Elementary school teaching was simply not my calling. I knew this, and I knew this damn well. I don't even know why I agreed to sub, but international relations, and all that. Best not to piss off too many people… sorta. At least the day's focus was mostly on American History, a subject which I can say I completely fucking rock at. Just sayin'. Cause it includes talking about myself, a topic that just comes naturally to me.

"The flag you know today," I lectured, completely ignoring the fact that I was talking to ten year olds, which have a tendency to spontaneously combust at someone other than themselves talking for over five minutes on one subject. I was focusing mainly on not blowing their brains out at the moment, so that little detail was more or less irrelevant to my sanity. But soon enough, I told myself, I would be in my element. And sure enough, my words sped up, increasing in passion as my speech went on. "Has a symbolic sort of thing going on, right? Red is hardiness, and valor, white is purity and innocence, and blue is vigilance, perseverance, and… justice!"

"Mr. Jones?" A boy piped up from the back of the room, half-hiding behind his binder. I nodded, looking at him in a way that I hoped wasn't too quixotic. I knew his type. (One lived with me for a while. Toris, that is.) The littlest thing could set them off, and I was most certainly not in the mood for a crying pre teen today.

"Yes?" I spoke, my voice lowering to a calmer state.

"I see the flag differently," he began, barely above a whisper. I strained to hear him, taking cautious steps closer. "More of a… painful thing, if that makes sense. So, let's say red is for blood, scrape or bullet wood, whatever. White is for the souls, or the color someone turns when they're no longer breathing… the color of the outside of the eyes.
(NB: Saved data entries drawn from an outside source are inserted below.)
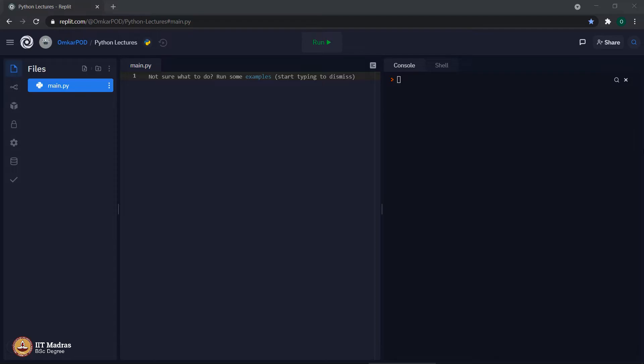Hello Python students, in last lecture we saw various concepts related to strings like concatenation, indexing and slicing. In this lecture, we will see few more concepts related to strings.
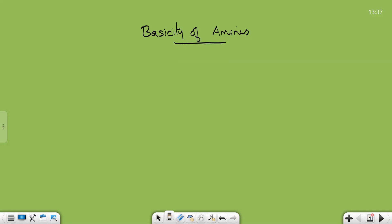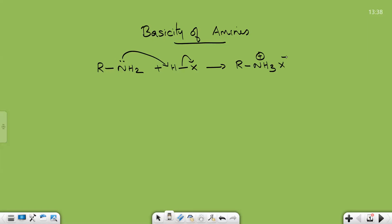In this video we will discuss the basic character of amines and the order of basicity of primary, secondary, and tertiary amines. Amines are basic due to the presence of a lone pair of electrons on nitrogen. As a Lewis base, it reacts with acid to form its corresponding salt R-NH3+ X-. When we treat this salt with OH- ion (NaOH or KOH) we get the amine back. This reaction is the basis for the separation of amines from non-basic organic compounds insoluble in water.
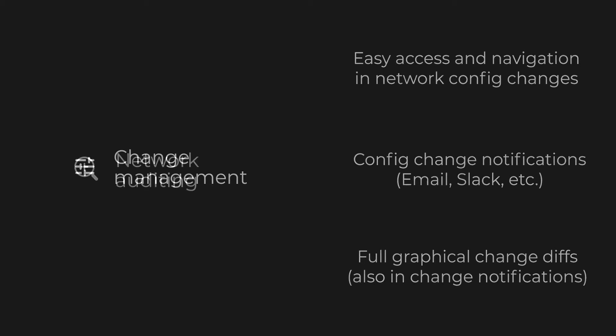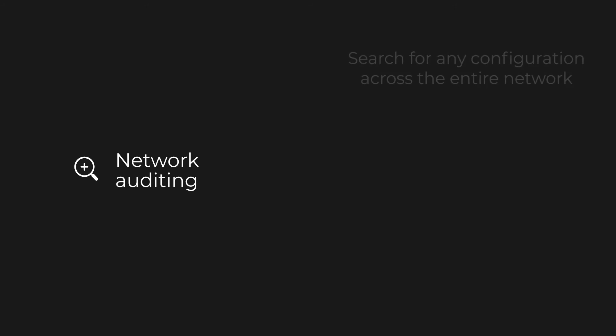Finally, there is config search and network auditing. Unimus gives you a single interface to search for any configuration network-wide. Common tasks like finding all ports in VLAN 1000 or showing all devices with Donut enabled take just a couple of clicks and a few keystrokes to run.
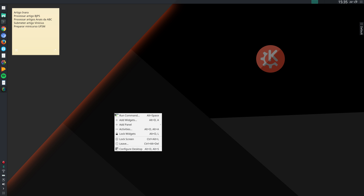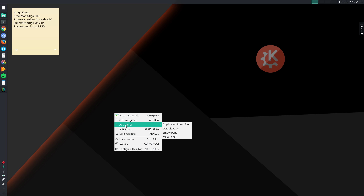Let me right-click here on the desktop. You see the option 'Add Panel'. I can add a new panel. I'm running Manjaro Linux, Manjaro KDE, and when I first installed Manjaro it came with this Maya panel here, which is the standard Manjaro KDE panel. So let me add that.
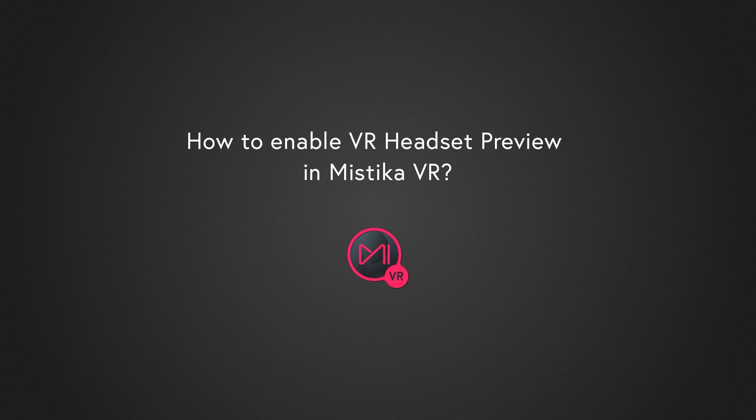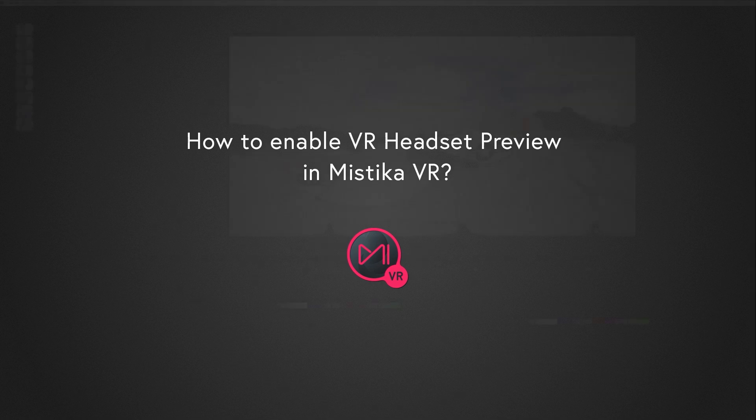Hello everybody. Welcome to this video tutorial where you will learn how to enable VR headset preview in Mistika VR.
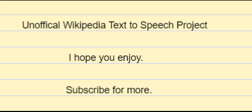Photograph a historic site, help Wikipedia, and win a prize. Participate in the world's largest photography competition this month. Learn more.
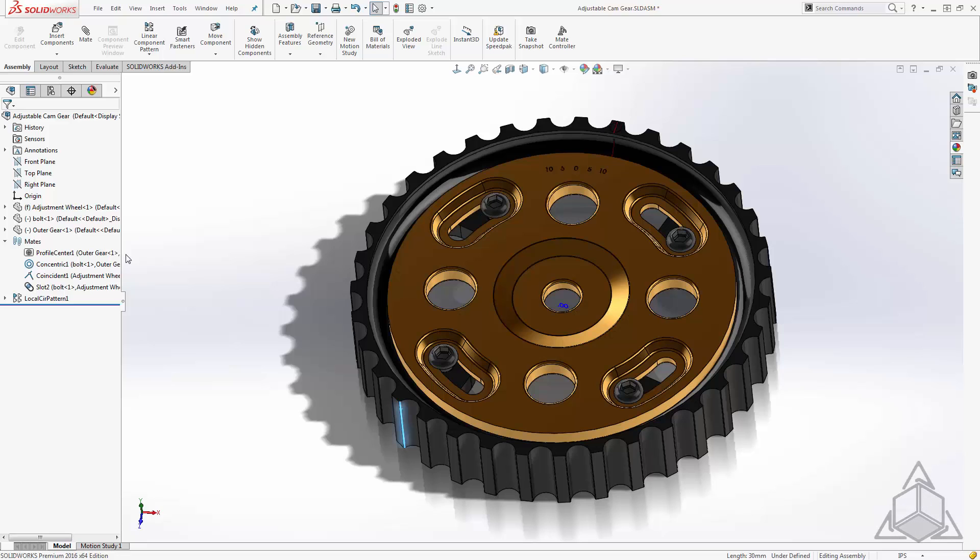Hello and welcome to another CAD Dimensions Tech Tip, my name is Jesse. Now last week we took a look at this adjustable cam gear and how we would build this in Solidworks as a flexible assembly using the profile center mate as well as the slot mate.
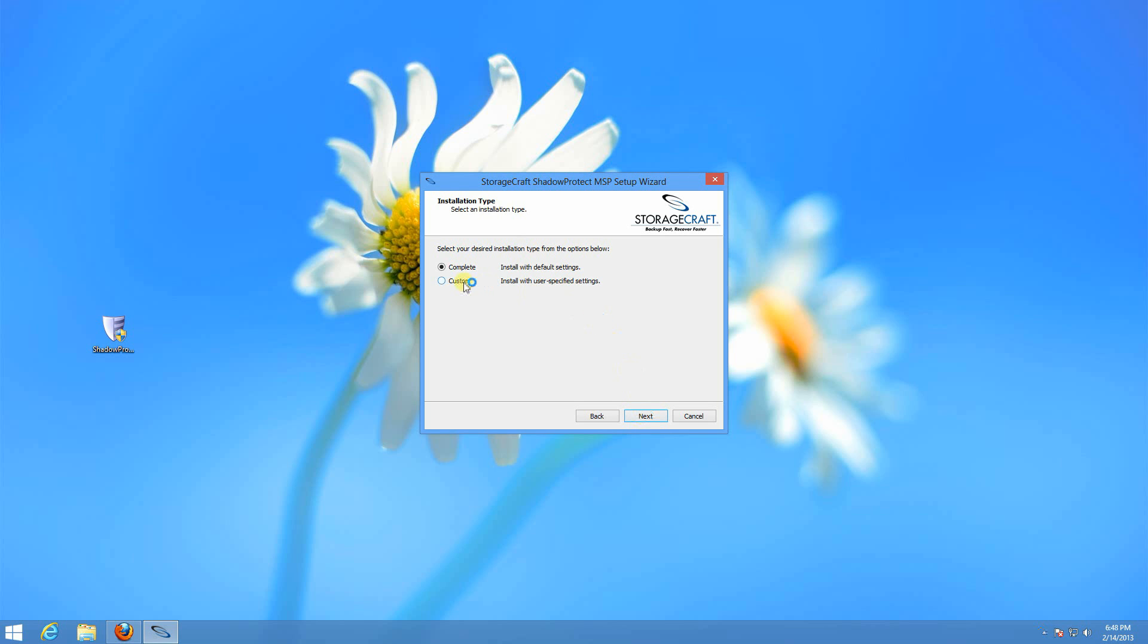You can do complete to install all of the options. I like to do custom. I'll explain those options here in a second. Here's where it is going to install to. That path is okay. It doesn't need to be changed.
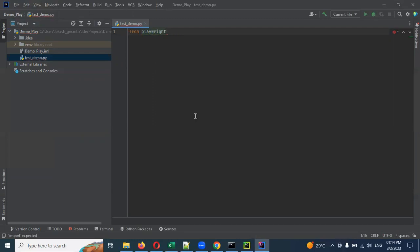I hope you understand this installation and setup of Playwright in combination with PyCharm and IntelliJ. Please like my video, subscribe to my channel, and don't forget to share with your friends and colleagues. Thank you.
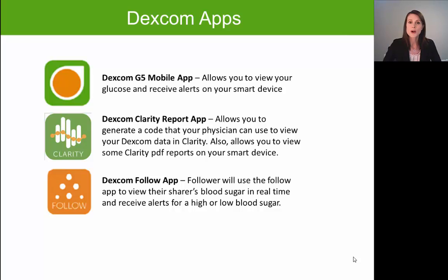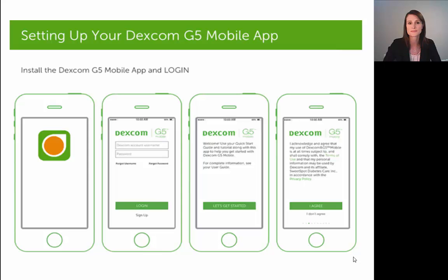We do also have a list of smart devices that are compatible with these apps on our website under FAQ. But let's first discuss how you're going to set up the Dexcom G5 mobile app.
Blue is for their lips, or the oceans that the people on ships cross. But what about the things you can't see, the things that don't go away? My grandpa was in the army, there's pain there that I can't see. I like to call them mind bruises, because every time you touch them, it hurts. I can tell it hurts him a lot. That's why I think there should be another color on the flag: purple. Because those hurt just as much as any scar, or so my Grandpa says. In the way you said earlier, purple could stand for… for… for heroism! Do you agree?" By the end of his speech, he was practically screaming, his expression elated. He looked my straight in the eye, waiting for a reply.

I arched an eyebrow, no longer paying attention to measuring my reactions. Red, white, and blue, that's the way it's always been. Purple would be... out of place at best, preposterous at worst. "Really?"

"Yes," he nodded, voice rising as he went on. "I'm sure you have mind bruises too, all adults do. All of us do. We just have to overcome them, right? That's what you think America is, right? Strength, heroism?"

"You're a smart one," I replied, as I fought back memories. Arthur… the memory of a musket between my eyes as the rain poured down, how it feels when a certain object, words can trigger a flashback, and the sting that still lingers in after shock. Even years later, the pain feels the same…

So I stared at him, and started to think.

The wounds I couldn't see, the memories of war, and the drift that would forever be between Arthur and I… my 'mind bruises.' Though they are not gone, I have found, despite all, that I am able to love him, in disregard of those memories. I am not a sensatory person by any means, but perhaps, if I had to give that pain a color, it would be purple.